I'm struggling to find stuff not to like, to be honest - at least on paper.
I think the implementation of the LEC structures could be quite challenging - there's a lot of specialist expertise required for that to work. Presumably the specialists would be seconded from the REAs/NEA, but if there is strong demand to set these up then I imagine they'd end up needing quite a few of them.
Edit to add - I just had a look back through the comment chain, so adding some observations.

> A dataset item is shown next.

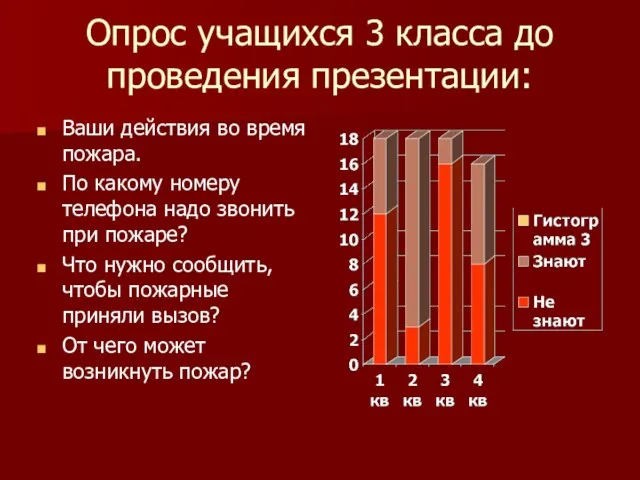 Опрос учащихся 3 класса до проведения презентации: Ваши действия во время пожара.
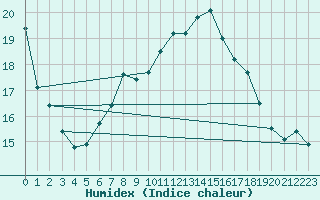 Courbe de l'humidex pour Manston (UK)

I don't think that renationalising the power grid is going to be particularly revolutionary. Public ownership of the grid is normal across much of Europe. The proposed structure borrows some bits from the Nordic model, and some bits from the German model (where a lot of utilities are provided by municipal stadtwerke) - they're models that generally work reasonably well. I think that the focus on enabling greater renewables integration through lower costs, cheaper borrowing and greater coordination is overall pretty sensible. And it still leaves the task of developing competitive energy sources to the private sector, which IMHO is better at solving that particular problem.
I think where there may be tensions is when sections of the industry try to lobby for preferential treatment - what happens if a large local employer lobbies the local community to vote on REA budget proposals that favour the employer, but not the decarbonisation strategy?
But, I'm looking for potential flaws. Overall I think this will be perceived by the UK electorate as radical, but in a European context it's not, really.